When the line with "吹杨40+10难救主，老鹰惨败雄鹿" turns up below, begin repeating exactly, and carry on through the line with "索尼,松下等(2个电池盒,3个线控,1座充)_价格131元>1640_1711"; no pictures go into the copy.

Records to process: Begin

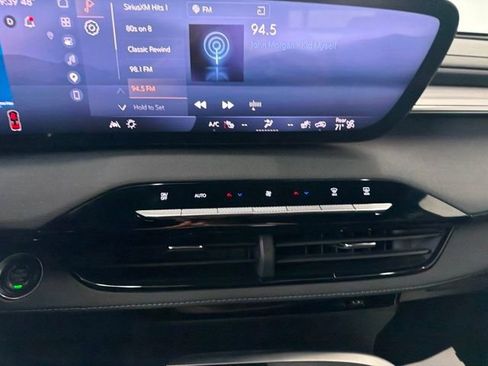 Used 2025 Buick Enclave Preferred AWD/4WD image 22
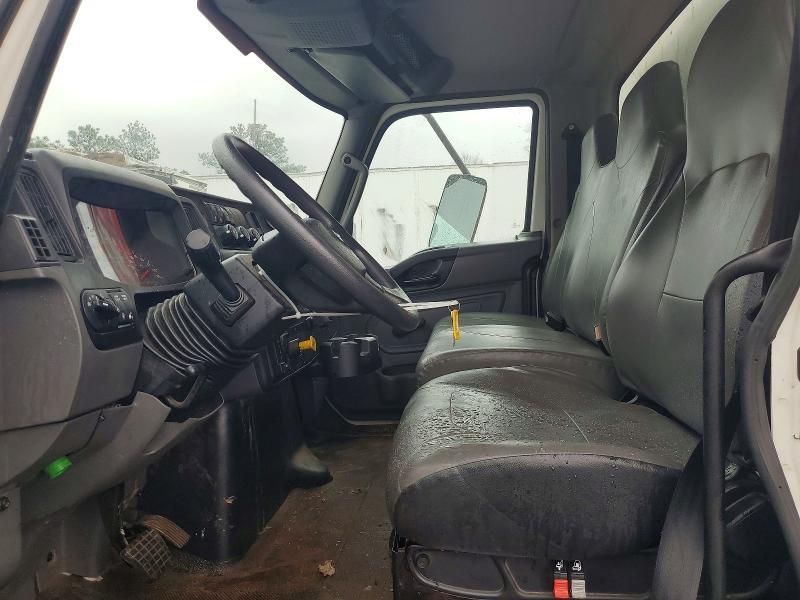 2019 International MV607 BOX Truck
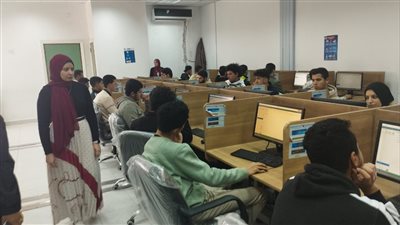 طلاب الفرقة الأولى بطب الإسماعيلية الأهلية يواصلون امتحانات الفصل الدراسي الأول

Records to process: End
Records to process: Begin

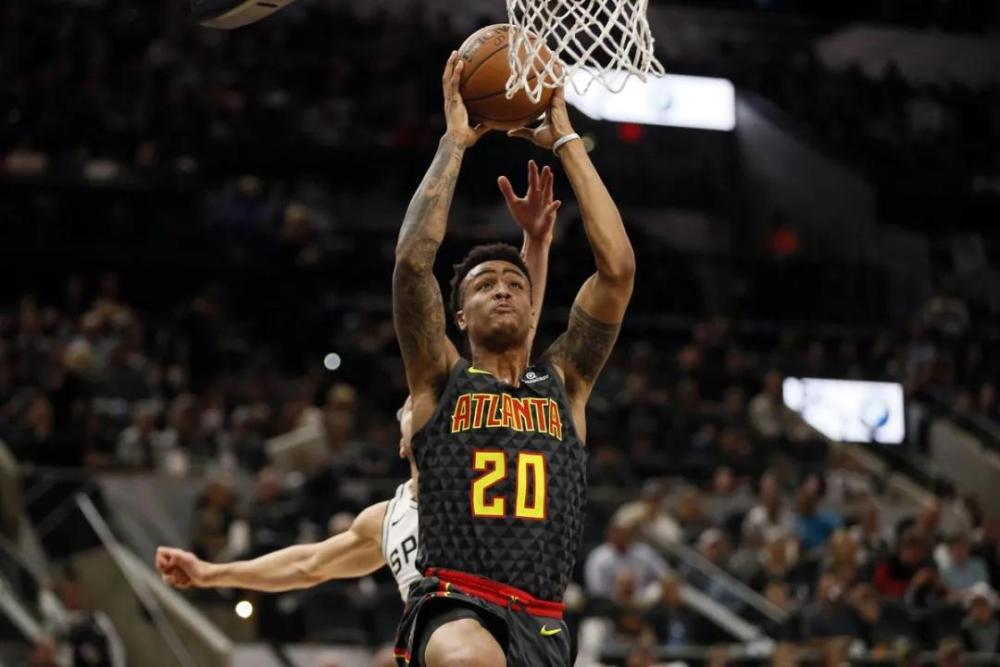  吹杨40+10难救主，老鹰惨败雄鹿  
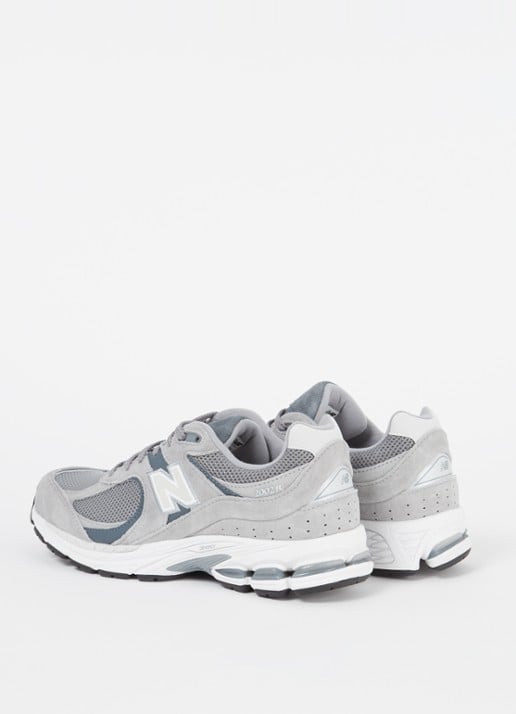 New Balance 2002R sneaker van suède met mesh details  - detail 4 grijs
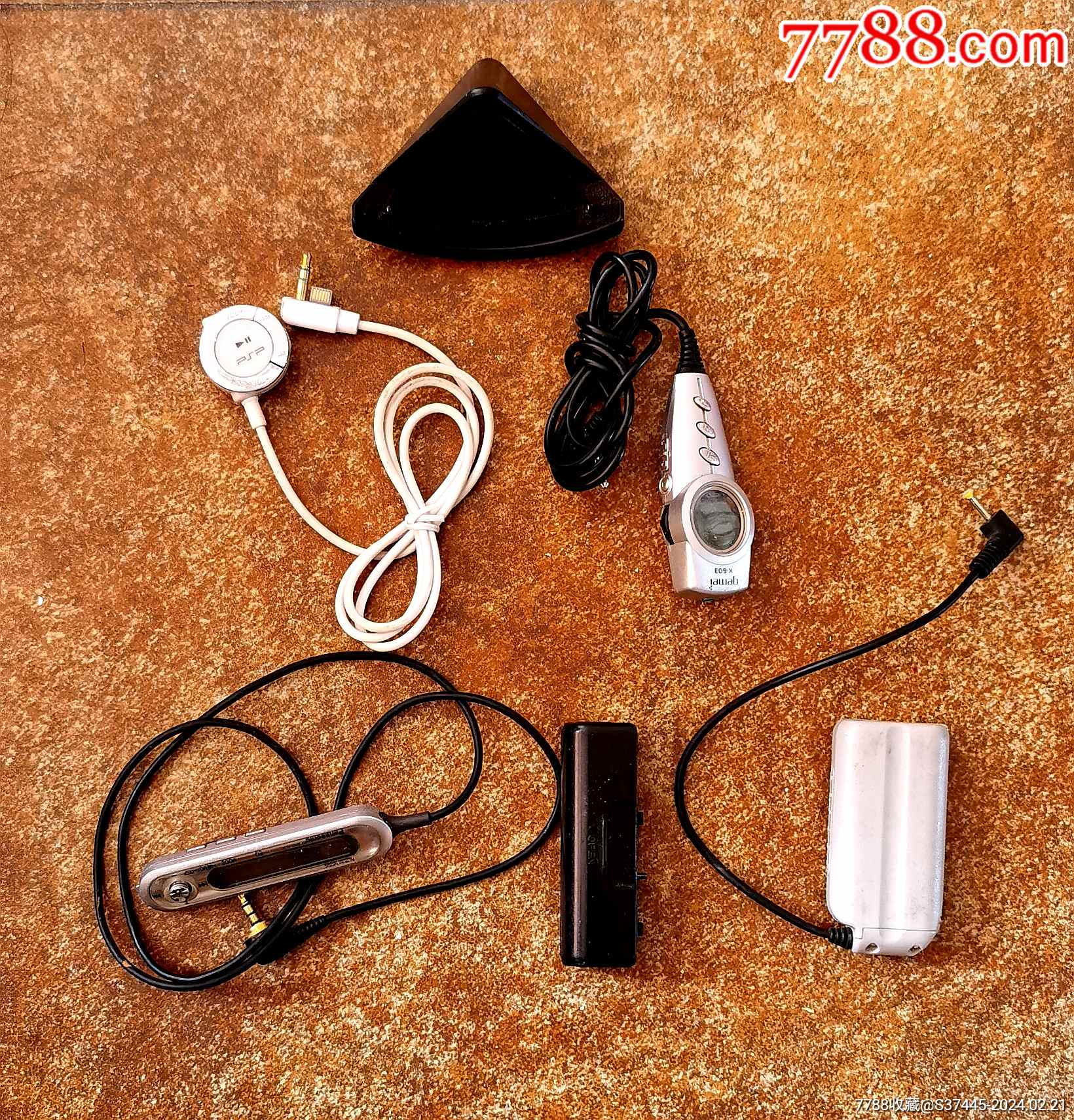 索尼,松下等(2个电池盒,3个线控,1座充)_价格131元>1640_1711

Records to process: End

** Output for this exercise **
  吹杨40+10难救主，老鹰惨败雄鹿  
 New Balance 2002R sneaker van suède met mesh details  - detail 4 grijs
 索尼,松下等(2个电池盒,3个线控,1座充)_价格131元>1640_1711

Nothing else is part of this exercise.